In the listing below, the lines from the first through the one with "Women’s Floral Leaf" are to be copied word for word.

______________________________

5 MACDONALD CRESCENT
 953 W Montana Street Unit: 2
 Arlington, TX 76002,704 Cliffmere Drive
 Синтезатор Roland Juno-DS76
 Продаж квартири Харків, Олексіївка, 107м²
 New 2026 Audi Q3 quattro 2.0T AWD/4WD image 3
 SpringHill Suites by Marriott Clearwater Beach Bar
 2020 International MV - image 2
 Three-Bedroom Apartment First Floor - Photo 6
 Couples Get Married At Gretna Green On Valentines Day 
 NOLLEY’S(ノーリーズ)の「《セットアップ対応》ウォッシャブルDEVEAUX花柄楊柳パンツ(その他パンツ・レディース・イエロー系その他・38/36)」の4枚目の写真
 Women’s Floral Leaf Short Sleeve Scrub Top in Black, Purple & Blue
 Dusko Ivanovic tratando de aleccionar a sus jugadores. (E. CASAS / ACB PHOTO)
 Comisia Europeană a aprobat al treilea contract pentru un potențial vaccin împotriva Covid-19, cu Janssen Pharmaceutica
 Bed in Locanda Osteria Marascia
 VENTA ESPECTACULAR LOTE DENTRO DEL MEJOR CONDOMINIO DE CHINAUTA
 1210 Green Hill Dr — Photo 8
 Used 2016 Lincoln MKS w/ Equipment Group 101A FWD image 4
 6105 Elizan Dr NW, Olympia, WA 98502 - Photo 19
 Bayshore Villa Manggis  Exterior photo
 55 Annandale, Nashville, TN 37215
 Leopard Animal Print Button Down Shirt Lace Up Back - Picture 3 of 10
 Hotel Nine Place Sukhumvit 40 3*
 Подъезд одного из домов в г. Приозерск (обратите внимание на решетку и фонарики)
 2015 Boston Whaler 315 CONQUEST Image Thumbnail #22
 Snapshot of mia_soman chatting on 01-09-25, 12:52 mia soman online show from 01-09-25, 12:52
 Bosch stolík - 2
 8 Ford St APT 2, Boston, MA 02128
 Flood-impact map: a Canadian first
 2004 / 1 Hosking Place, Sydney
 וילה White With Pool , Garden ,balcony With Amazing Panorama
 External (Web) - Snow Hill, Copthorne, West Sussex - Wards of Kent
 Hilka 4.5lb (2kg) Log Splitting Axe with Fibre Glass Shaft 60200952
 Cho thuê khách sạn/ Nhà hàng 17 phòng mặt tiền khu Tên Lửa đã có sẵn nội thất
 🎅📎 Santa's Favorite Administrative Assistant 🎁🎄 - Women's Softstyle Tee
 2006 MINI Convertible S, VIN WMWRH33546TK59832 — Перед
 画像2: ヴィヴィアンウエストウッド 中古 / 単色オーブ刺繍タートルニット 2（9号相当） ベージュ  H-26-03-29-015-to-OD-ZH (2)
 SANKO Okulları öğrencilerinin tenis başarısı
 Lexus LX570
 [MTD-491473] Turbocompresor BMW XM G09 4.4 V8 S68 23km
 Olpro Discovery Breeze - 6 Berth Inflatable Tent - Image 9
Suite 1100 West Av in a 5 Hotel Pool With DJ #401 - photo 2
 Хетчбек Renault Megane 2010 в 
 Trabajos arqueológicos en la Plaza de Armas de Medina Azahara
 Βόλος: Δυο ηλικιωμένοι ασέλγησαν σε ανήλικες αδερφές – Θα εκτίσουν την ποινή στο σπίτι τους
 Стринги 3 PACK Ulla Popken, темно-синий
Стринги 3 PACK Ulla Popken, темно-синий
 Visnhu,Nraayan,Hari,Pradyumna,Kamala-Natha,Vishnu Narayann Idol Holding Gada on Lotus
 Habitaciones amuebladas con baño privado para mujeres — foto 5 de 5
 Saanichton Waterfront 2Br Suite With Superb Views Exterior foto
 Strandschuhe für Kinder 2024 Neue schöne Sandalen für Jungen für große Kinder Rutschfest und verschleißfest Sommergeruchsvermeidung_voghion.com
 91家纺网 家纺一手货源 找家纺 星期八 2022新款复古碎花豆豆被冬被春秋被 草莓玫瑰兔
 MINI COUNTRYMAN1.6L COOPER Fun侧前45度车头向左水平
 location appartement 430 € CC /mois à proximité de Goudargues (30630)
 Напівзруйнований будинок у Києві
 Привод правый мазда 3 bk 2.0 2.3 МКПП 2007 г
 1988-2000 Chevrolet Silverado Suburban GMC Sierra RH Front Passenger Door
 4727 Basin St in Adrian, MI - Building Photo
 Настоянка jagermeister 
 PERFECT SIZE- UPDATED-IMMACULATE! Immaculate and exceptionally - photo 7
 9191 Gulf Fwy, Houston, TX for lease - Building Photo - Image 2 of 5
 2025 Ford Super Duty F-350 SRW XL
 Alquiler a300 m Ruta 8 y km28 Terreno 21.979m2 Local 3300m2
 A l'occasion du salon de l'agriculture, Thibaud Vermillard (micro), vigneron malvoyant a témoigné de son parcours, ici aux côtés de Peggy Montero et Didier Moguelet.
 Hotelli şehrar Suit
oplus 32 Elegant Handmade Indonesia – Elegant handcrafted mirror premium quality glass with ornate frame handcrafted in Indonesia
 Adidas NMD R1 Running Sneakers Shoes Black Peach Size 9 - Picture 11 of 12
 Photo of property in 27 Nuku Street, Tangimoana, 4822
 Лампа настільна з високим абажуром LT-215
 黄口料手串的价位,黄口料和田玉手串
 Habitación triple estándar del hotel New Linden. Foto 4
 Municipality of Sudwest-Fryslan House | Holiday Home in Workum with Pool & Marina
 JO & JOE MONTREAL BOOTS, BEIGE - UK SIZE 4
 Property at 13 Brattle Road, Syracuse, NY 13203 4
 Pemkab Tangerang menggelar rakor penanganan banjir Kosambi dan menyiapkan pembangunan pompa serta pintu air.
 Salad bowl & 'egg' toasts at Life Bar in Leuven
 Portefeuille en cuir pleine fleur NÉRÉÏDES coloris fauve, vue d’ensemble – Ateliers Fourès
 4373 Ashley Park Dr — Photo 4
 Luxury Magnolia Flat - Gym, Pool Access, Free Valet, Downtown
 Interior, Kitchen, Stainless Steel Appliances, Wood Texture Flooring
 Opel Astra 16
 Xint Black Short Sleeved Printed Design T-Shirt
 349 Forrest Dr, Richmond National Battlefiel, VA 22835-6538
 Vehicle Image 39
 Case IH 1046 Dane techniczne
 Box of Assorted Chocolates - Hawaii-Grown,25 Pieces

______________________________

## Answer below
5 MACDONALD CRESCENT
 953 W Montana Street Unit: 2
 Arlington, TX 76002,704 Cliffmere Drive
 Синтезатор Roland Juno-DS76
 Продаж квартири Харків, Олексіївка, 107м²
 New 2026 Audi Q3 quattro 2.0T AWD/4WD image 3
 SpringHill Suites by Marriott Clearwater Beach Bar
 2020 International MV - image 2
 Three-Bedroom Apartment First Floor - Photo 6
 Couples Get Married At Gretna Green On Valentines Day 
 NOLLEY’S(ノーリーズ)の「《セットアップ対応》ウォッシャブルDEVEAUX花柄楊柳パンツ(その他パンツ・レディース・イエロー系その他・38/36)」の4枚目の写真
 Women’s Floral Leaf Short Sleeve Scrub Top in Black, Purple & Blue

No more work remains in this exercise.